= Information supplied =
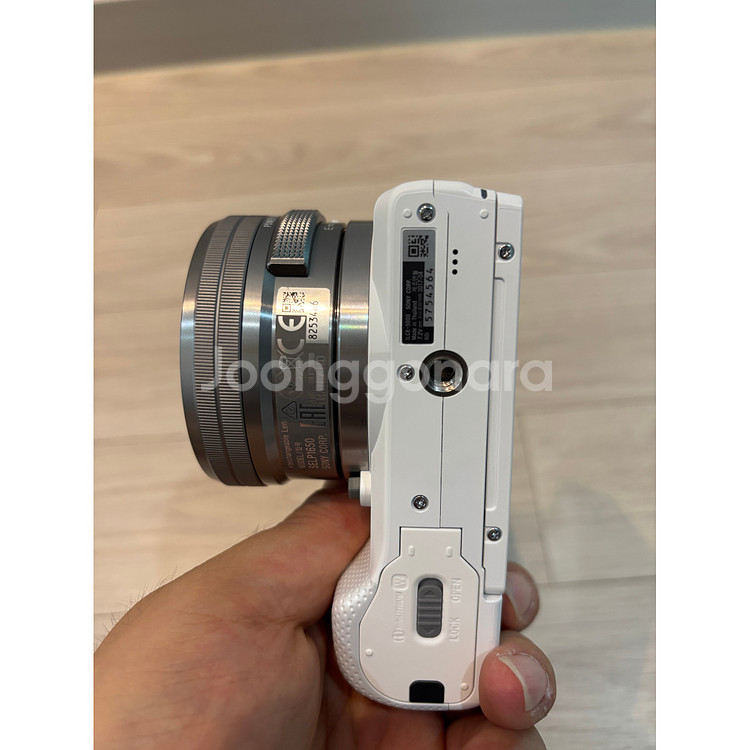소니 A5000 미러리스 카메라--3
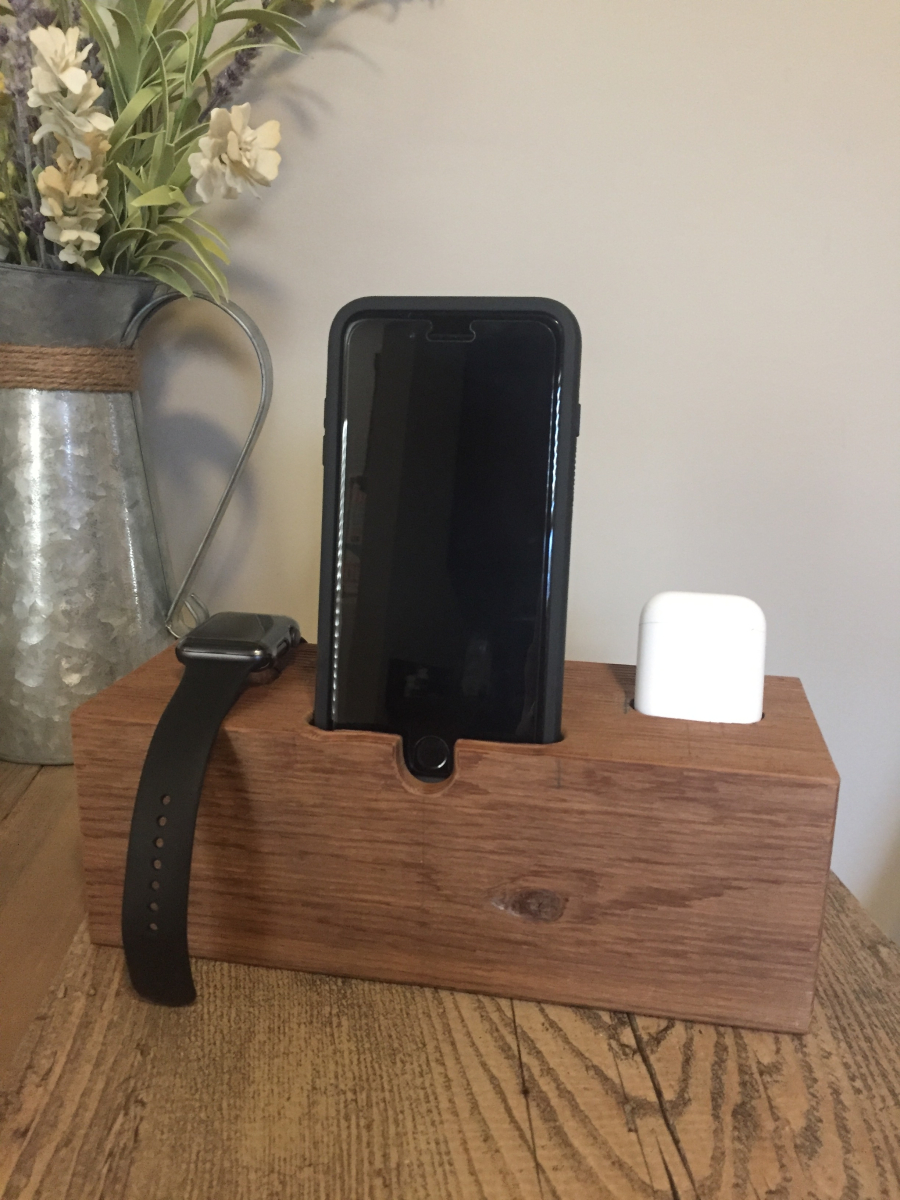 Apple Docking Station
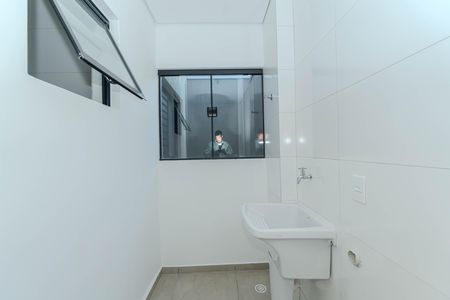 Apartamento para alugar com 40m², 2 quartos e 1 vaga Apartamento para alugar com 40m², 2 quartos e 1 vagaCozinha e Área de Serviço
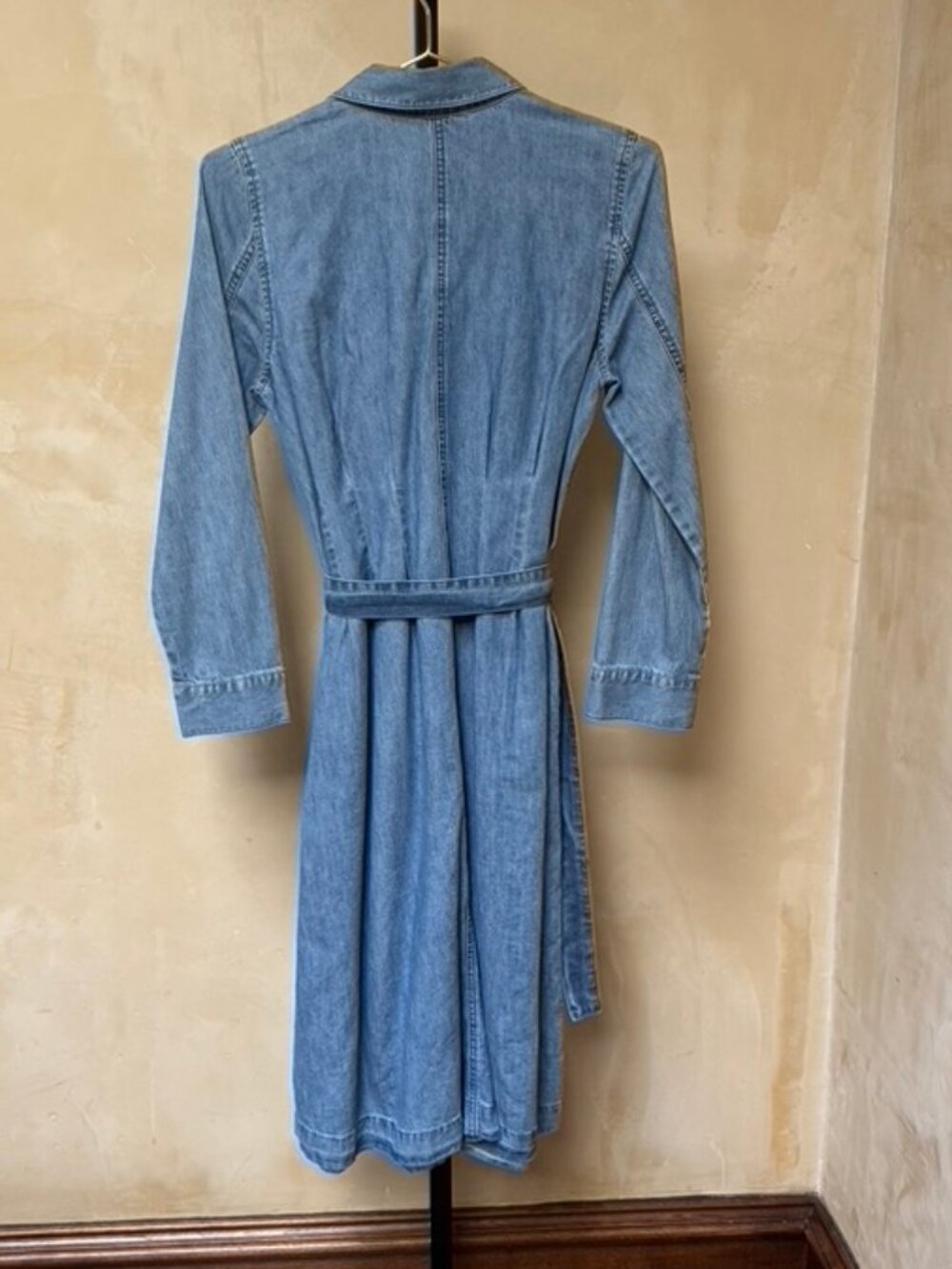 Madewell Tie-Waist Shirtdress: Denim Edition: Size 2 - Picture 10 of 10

= Task goal =
Pictures are to be left out. Otherwise, copy the material above exactly.

= Output below =
소니 A5000 미러리스 카메라--3
 Apple Docking Station
 Apartamento para alugar com 40m², 2 quartos e 1 vaga Apartamento para alugar com 40m², 2 quartos e 1 vagaCozinha e Área de Serviço
 Madewell Tie-Waist Shirtdress: Denim Edition: Size 2 - Picture 10 of 10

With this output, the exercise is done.